Luxury Market Sees First Decline Since Pandemic
Luxury market down 2% in 2025, marking its first decline since the pandemic as consumer preferences shift towards experiences over status.

Despite its resilience through the pandemic and reputation as a recession-proof sector, the global luxury industry has recorded a modest 2% decline in brand value in 2025.
This downturn is largely attributed to changing consumer behaviours in China, a historically crucial growth engine for the sector.
Increasing cultural and regulatory scrutiny of conspicuous wealth has nudged affluent Chinese consumers away from overt status symbols, favouring instead immersive lifestyle experiences and more subtle expressions of affluence.

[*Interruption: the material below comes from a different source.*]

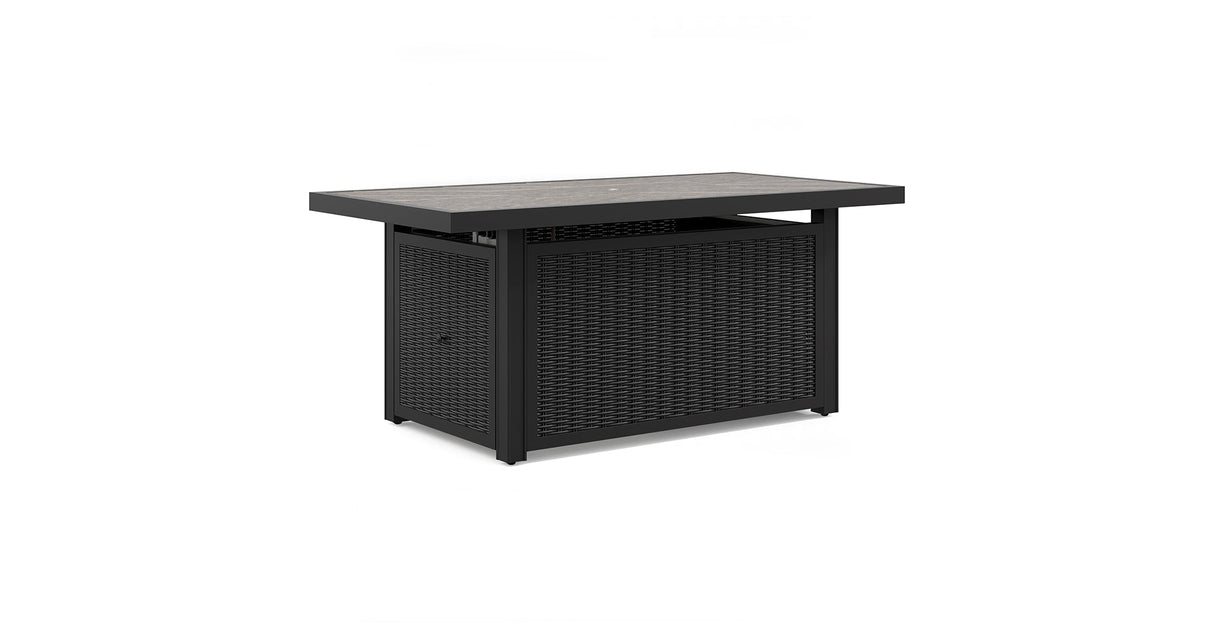 Beachcroft Black/Light Gray Outdoor Fire Pit Table and 4 Chairs by Ashley at Eve Furniture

This shift in sentiment underscores broader trends revealed in the 20th edition of Kantar BrandZ’s Most Valuable Global Brands report, the definitive annual ranking that blends consumer sentiment with financial data to assess brand worth.
Since 2006, the combined value of the world’s top 100 brands has soared by $9.3 trillion to reach an unprecedented $10.7 trillion.

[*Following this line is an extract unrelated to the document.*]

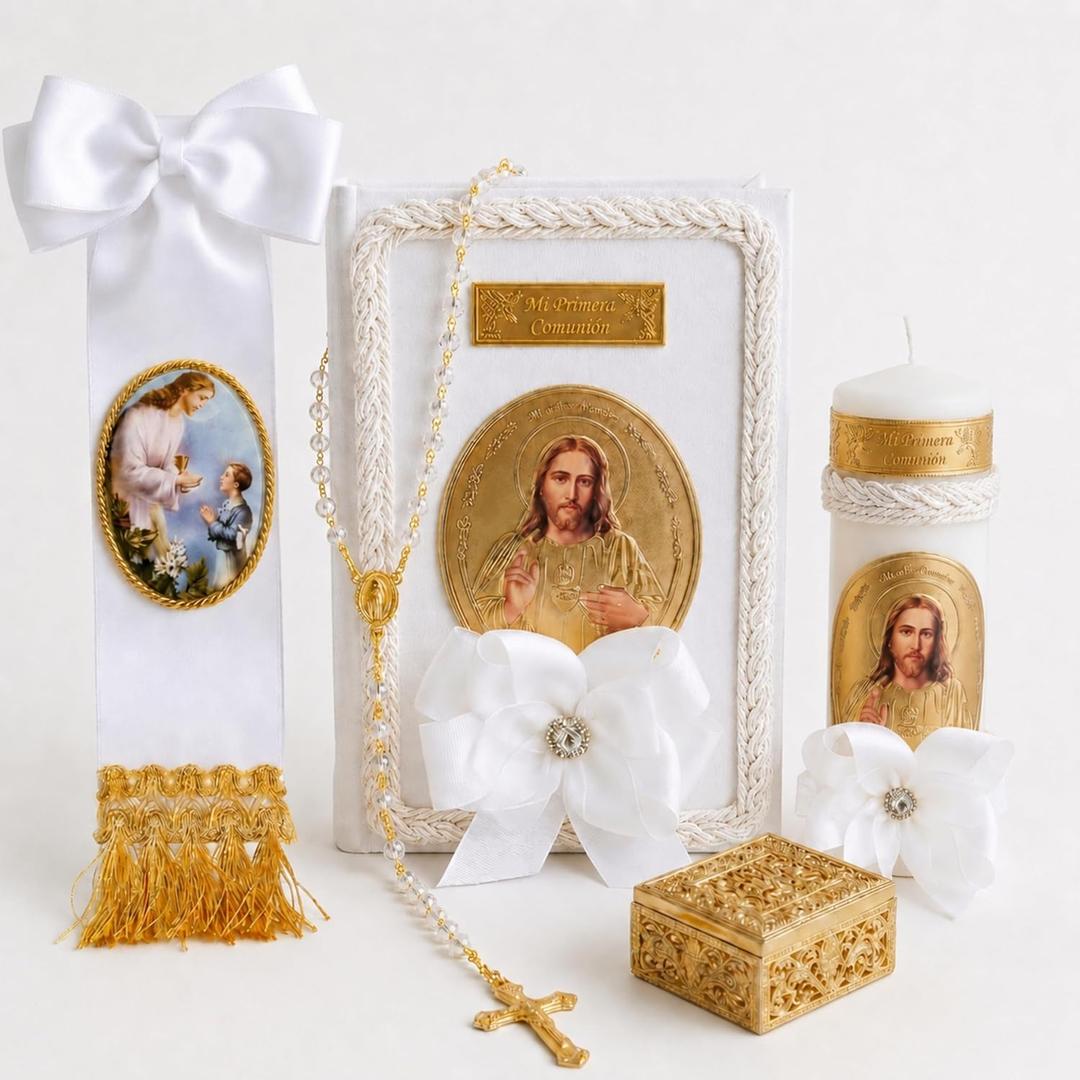 First Communion Candle and Bible - Biblia y Vela de Primera comunin para nio - Vela para Primera comunion para nio - First Communion Candle Set for boy - recuerdos de Primera comunion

Yet, despite this record-breaking milestone, signs of recalibration are emerging across several key sectors, including luxury.
American Brands Dominate – But the Landscape Is Shifting
US brands now account for 82% of total brand value in the Global Top 100, a steep rise from 63% in 2006.
However, the continued ascent of Chinese brands and trade tensions could challenge this supremacy.
Chinese companies now represent 6% of the Top 100's overall value, double their share two decades ago, while European brands have seen their influence wane, falling to just 7% of total value from 26% in 2006.
Even in times of economic uncertainty, the most valuable brands have consistently outperformed key indices such as the S&P 500 and MSCI World, offering compelling evidence of marketing’s pivotal role.
Brands, especially those that command a price premium, are proving to be among a business's most enduring and lucrative assets.

Branding in the Age of Intangible Value
Brands today are not merely built on products or services; they are shaped by consistent experiences and sustained emotional resonance.
The most successful enterprises are those that have elevated their brands into lifestyle signifiers. These brands maintain pricing power, even amid economic headwinds, by cultivating desirability and trust, essential traits in the luxury world.
Disruption continues to be a major driver of brand value. Since 2006, brands that redefined their categories or introduced new paradigms have accounted for 71% of the $9.3 trillion in value created.
In 2025, newcomers such as Stripe and Chipotle join the Top 100 for the first time, alongside long-standing innovators like Aldi, which has featured in the ranking for 15 of the past 20 years.
Global Movers and Regional Triumphs
Beyond the dominance of American tech giants, the latest ranking highlights notable global performances.
Spotify re-enters the Top 100 at 76, reflecting Sweden’s tech credibility. India’s Airtel emerges as the fastest-growing telecom brand globally.
Latin America's sole representative, Mercado Libre, holds its ground, while Spain’s Zara and Canada’s RBC show impressive growth, rising in both rank and value.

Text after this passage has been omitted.